Source material:
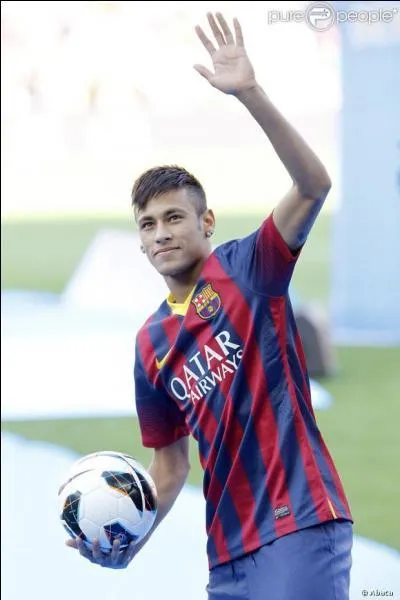 Quel est le cot du transfert de cet attaquant brsilien transfr de Santos au FC Barcelone ?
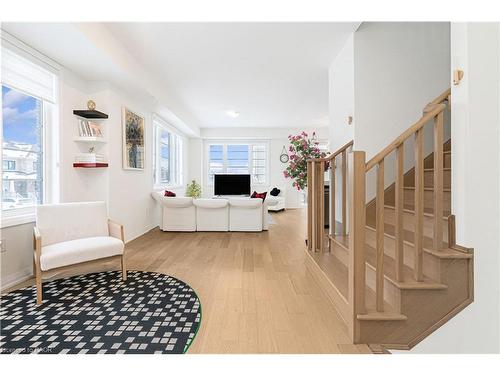 60 Granville Crescent, Haldimand, ON - Indoor Photo Showing Living Room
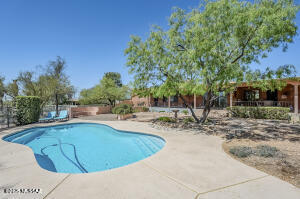 Property Photo: 5140 N Via Condesa AZ 85718
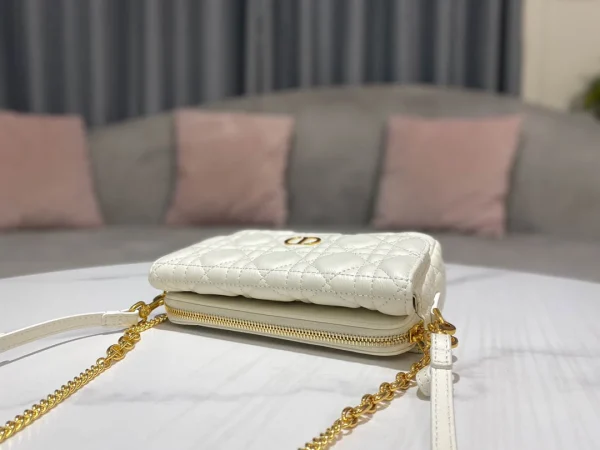 Caro Chain Clutch Size:17.5*10.5*5 cm - Image 4
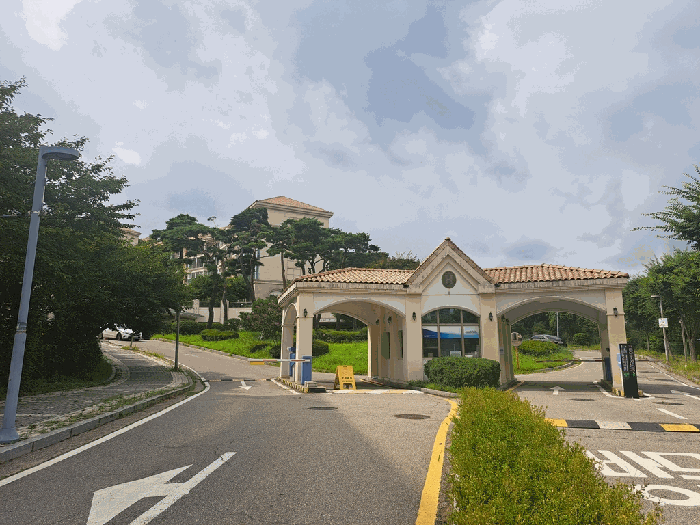 경기도 성남시 분당구 금곡동 305-2 더헤리티지 103동 2층204호 외 2필지 노유자시설 경매 사진 4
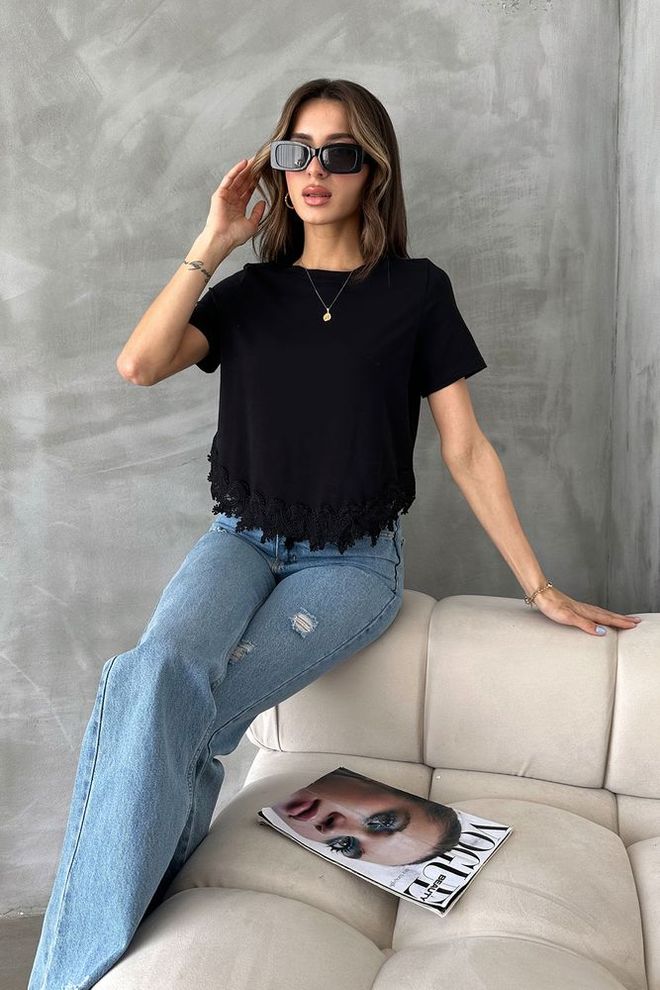 Topshow T shirt Noir Avec Détails En Dentelle D 2702 Vêtements en gros Coton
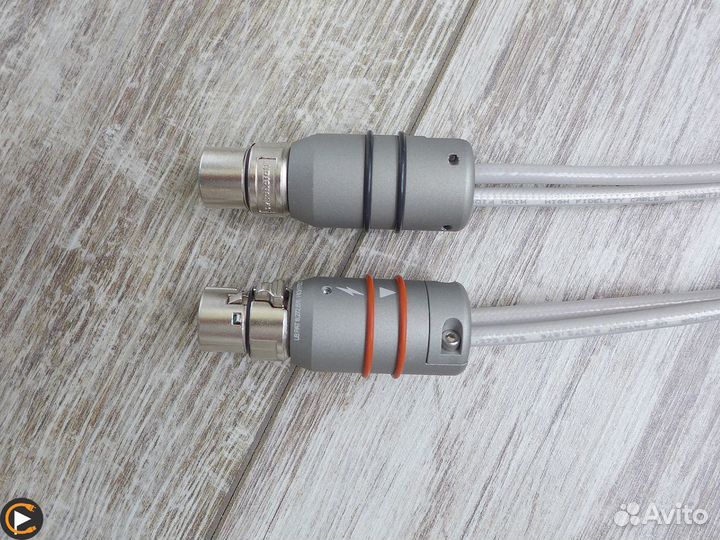 Межблочный High Fidelity Reveal XLR 1м кабель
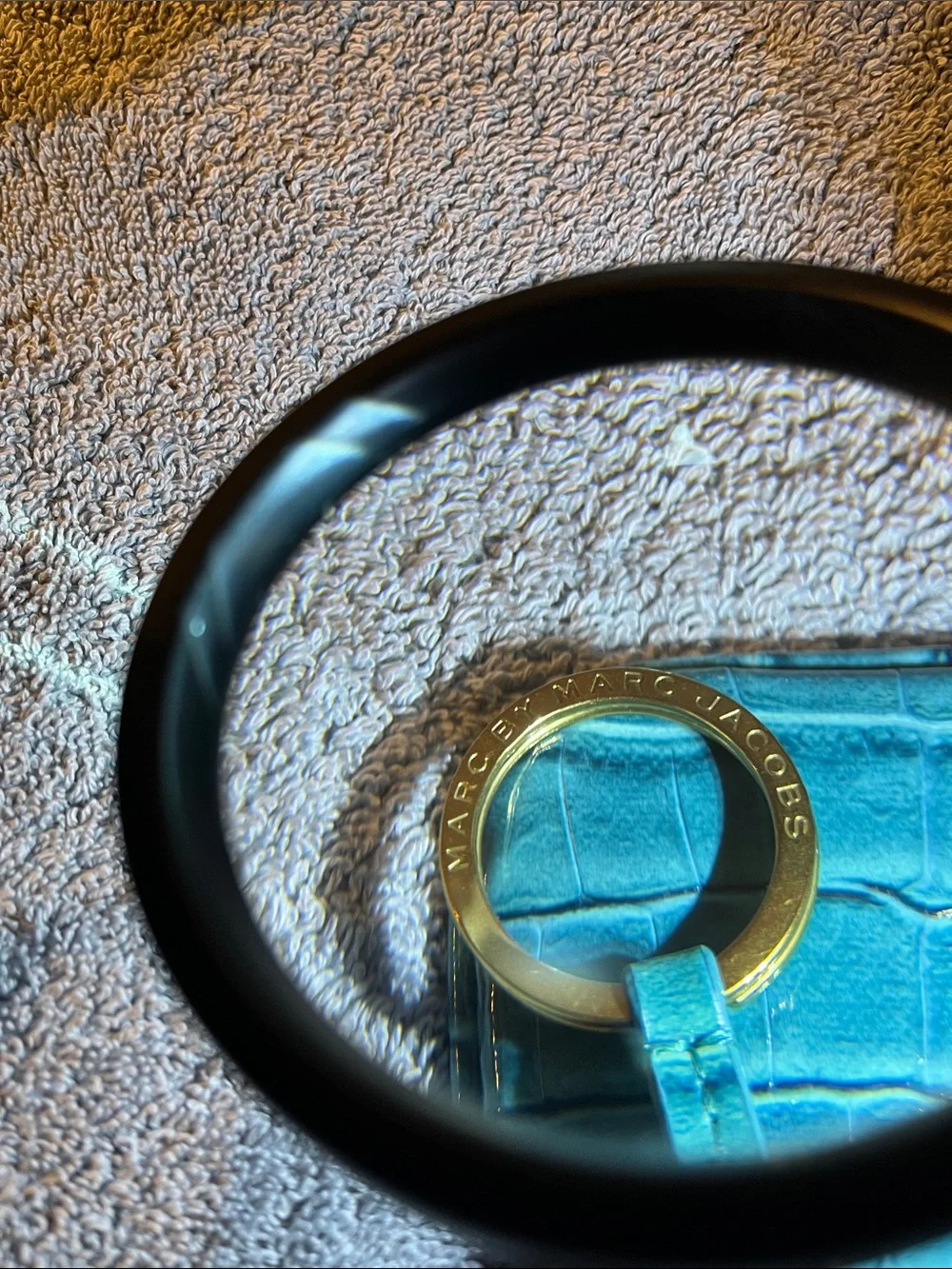 NWT Marc by Marc Jacobs Teal Croc-Embossed Zip Coin Pouch with Black Brass Plate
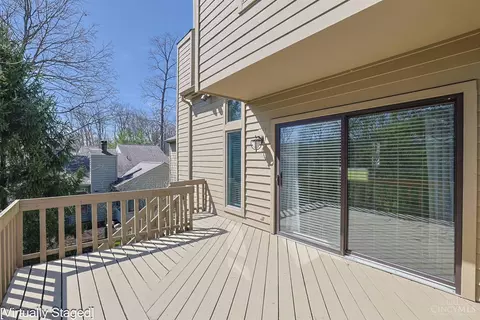 Exterior - 7 Falling Brook Ln, Blue Ash, OH 45241 photo 2 of 7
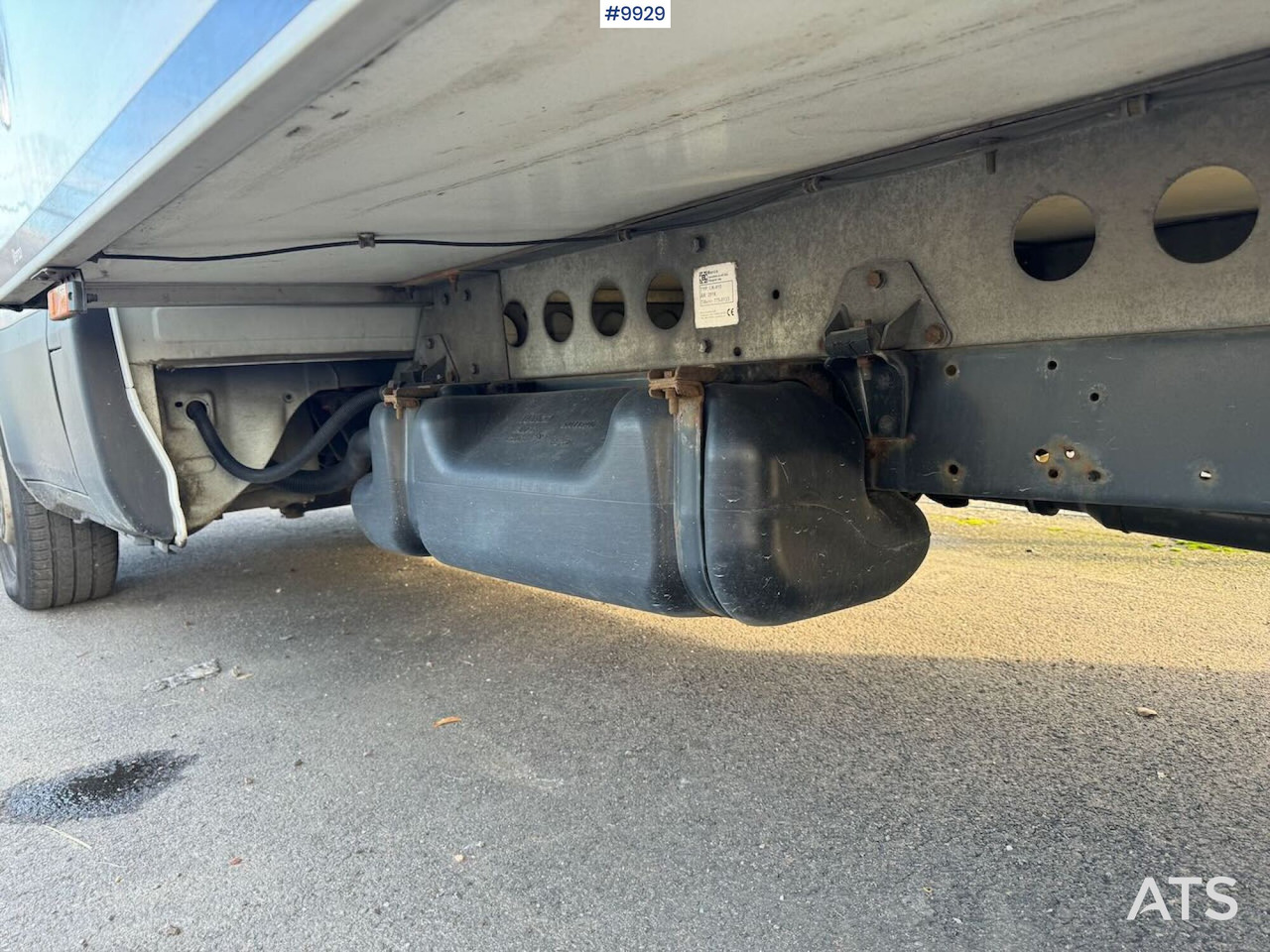 Xe tải nhỏ thùng kín Box Truck Iveco Daily with Tail Lift: hình 19 Xe tải nhỏ thùng kín Box Truck Iveco Daily with Tail Lift: hình 19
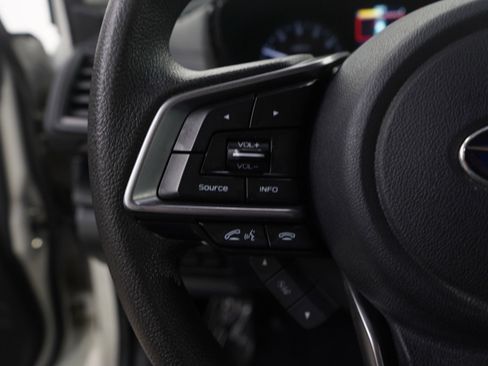 Used 2022 Subaru Crosstrek 2.0i image 17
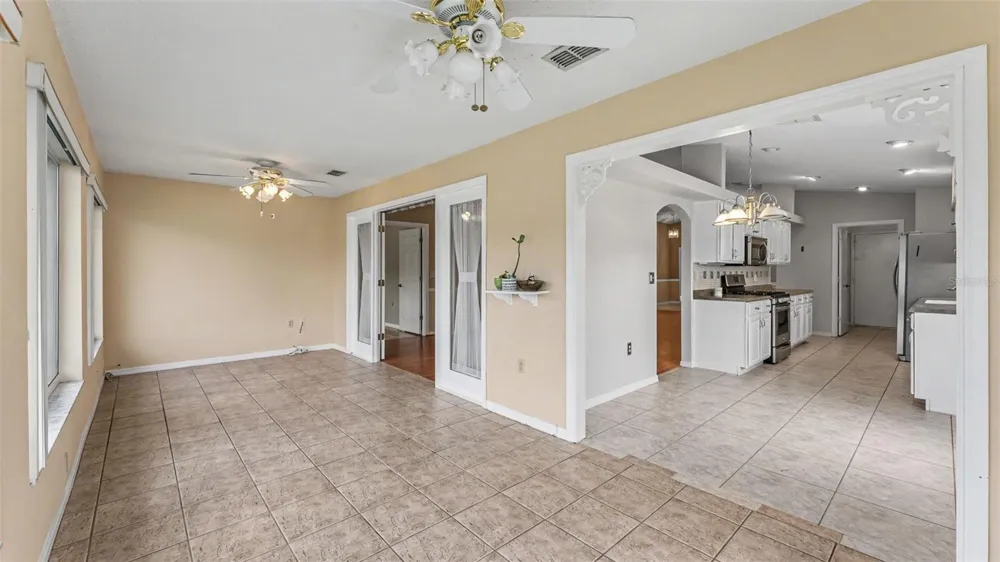 2191 SILVER RE DRIVE Lakeland, FL 33810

Directions for this task:
Give back the lines from the one containing "Lift: hình 19 Xe" through the last line of the records above exactly as they appear, both included, and no pictures.

Written response:
 Xe tải nhỏ thùng kín Box Truck Iveco Daily with Tail Lift: hình 19 Xe tải nhỏ thùng kín Box Truck Iveco Daily with Tail Lift: hình 19
 Used 2022 Subaru Crosstrek 2.0i image 17
 2191 SILVER RE DRIVE Lakeland, FL 33810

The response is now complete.